To combat itching and restore your senior dog’s soft, lustrous coat, Omega fatty acids (OFAs) are a must. Omega 3-6-9 Select Chews from Project Paws® are made from sustainably-sourced krill oil to support a soft, silky coat, minimize normal shedding, and maintain the skin’s moisture content.
Take a long gaze into your dog’s eyes.
Do they appear cloudy or have a bluish film? This could indicate common signs of aging such as lenticular sclerosis (the hardening of the lenses) or cataracts. Omega-3 fatty acids are important for healthy eye maintenance. Several studies suggest they may even protect against degenerative ocular disorders such as glaucoma.
Finally, you may be able to determine a dog’s real age based on his joint health.
Older dogs often suffer from muscle wasting around their hips and shoulders. Arthritis and fluid loss in the joint spaces cause them to walk with a stiff, peg-legged gait. Some may even have trouble getting up from a laying position, climbing into the car, or managing stairs.
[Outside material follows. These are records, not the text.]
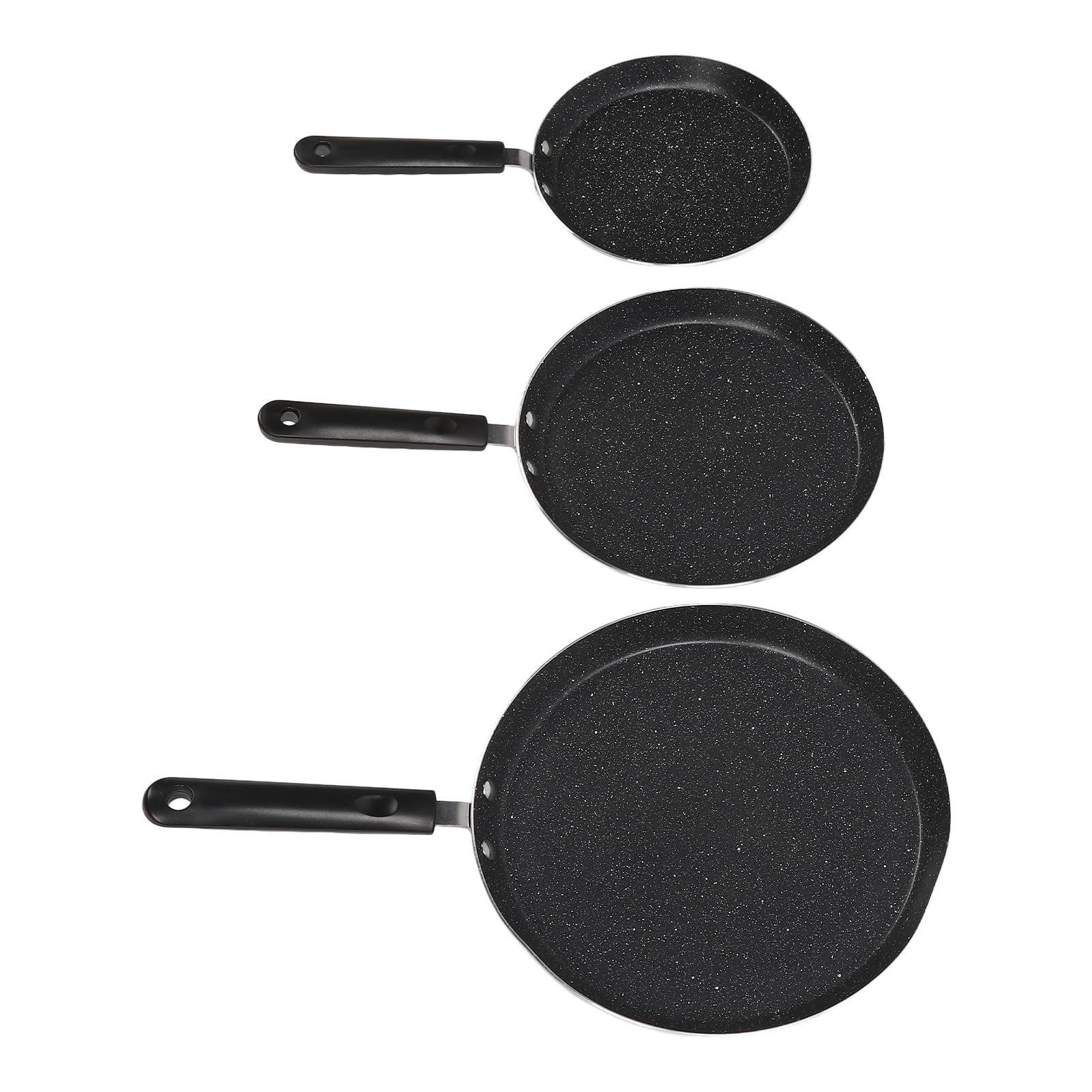 Set di 3 padelle in alluminio nero, antiaderenti, per lasagne, pizza, uova, con design leggero e portatile e distribuzione uniforme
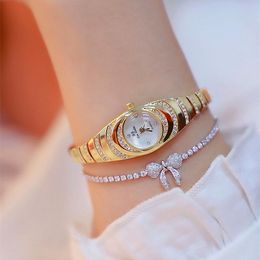 Wristwatches Small Dial Watches For Women Elegant Bracelet Watch Ladies Diamond Dress Quartz Wrist Gold Bling Relogio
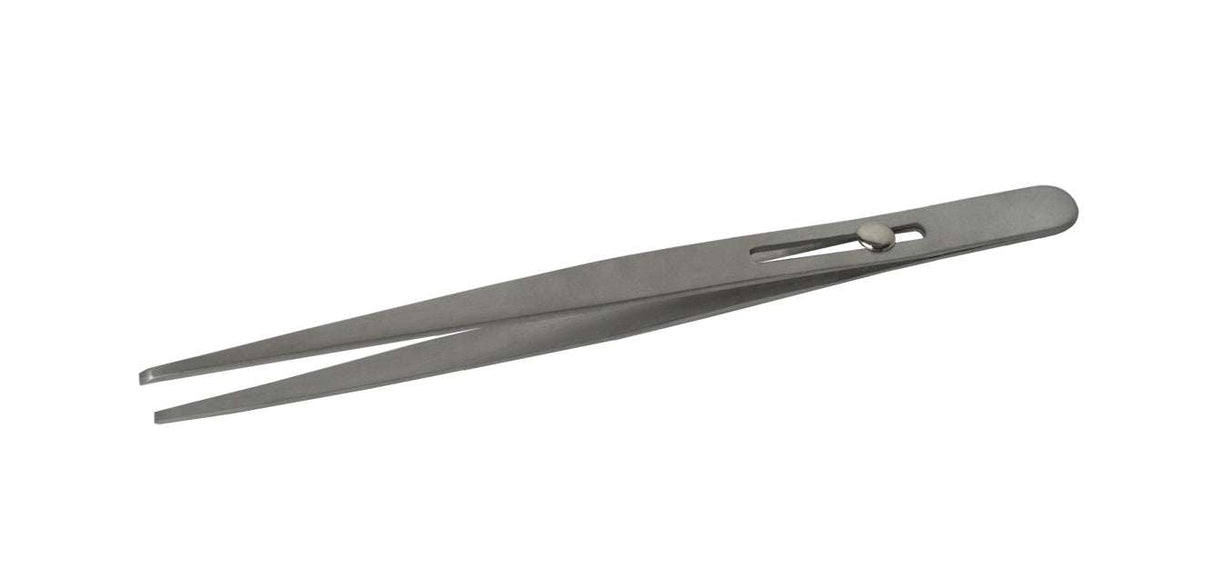 6-1/2 inch stainless steel blunt tipped slide-locking tweezers with serrated jaws for precision electronics and soldering tasks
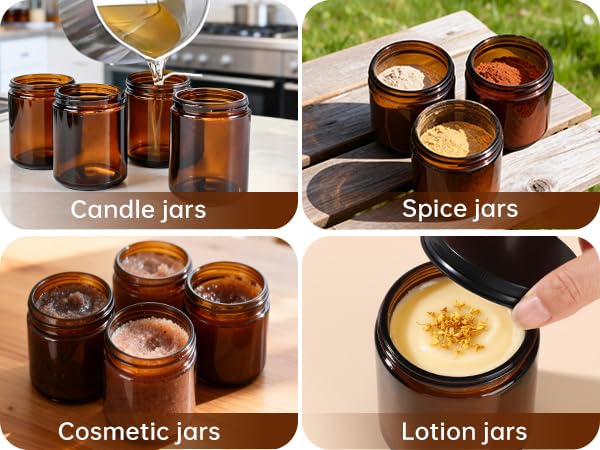 Vitreaux 8oz Amber Glass Jars with Airtight Lids (3 Pack) - Empty Candle Jars for Candle Making,Cosmetic Jars for Creams,Spice,Lotions & Salve - color: Amber-3 Pack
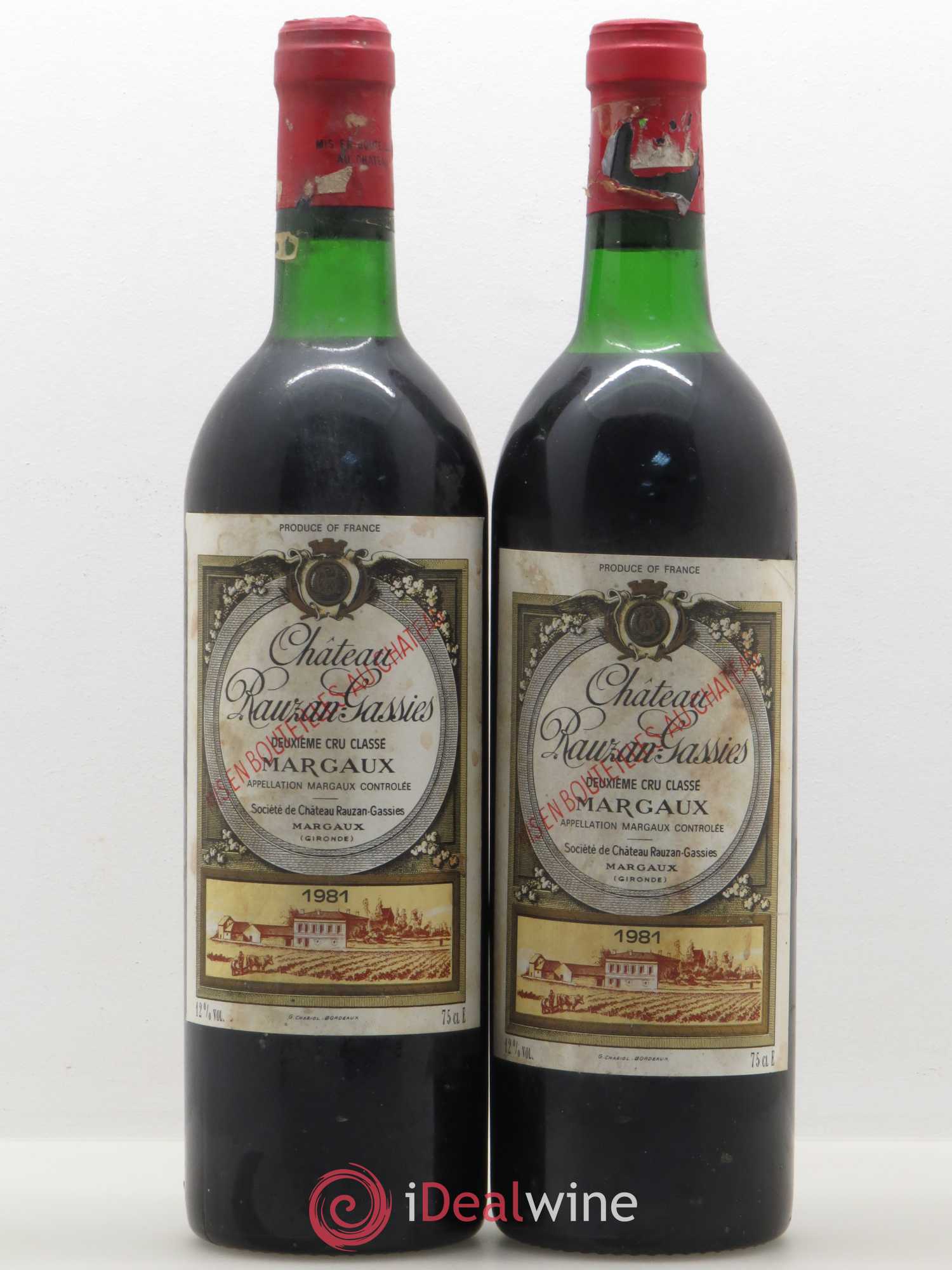 Château Rauzan-Gassies 2ème Grand Cru Classé 1981 - Lot de 2 bouteilles - 0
Eicosapentaenoic acid (EPA) is an Omega-3 fatty acid found in krill oil and known for its exceptional anti-inflammatory properties. It helps ease inflammatory conditions of the heart, kidneys, skin and joints – including arthritis. While OFAs are especially important for senior dogs, it’s never too early to start protecting their skin, eye, and joint health with Omega 3-6-9 Select Chews.
Another powerful product in the fight against canine arthritis is Project Paws® Advanced Hip & Joint Chews. Packed with a unique combination of anti-inflammatory ingredients like glucosamine, chondroitin, and MSM; these bacon-flavored treats provide improved flexibility, strengthened cartilage, and natural relief from joint distress.
For dogs with food sensitivities, try our Hypoallergenic Hip and Joint supplement. These great-tasting chews are grain-free, gluten-free and soy-free to suit almost any special diet. The powerful blend of nutrients supports normal joint function, flexibility, and healthy joint cartilage.
No matter your dog’s age, they’re only as old as they feel. So keep them feeling great!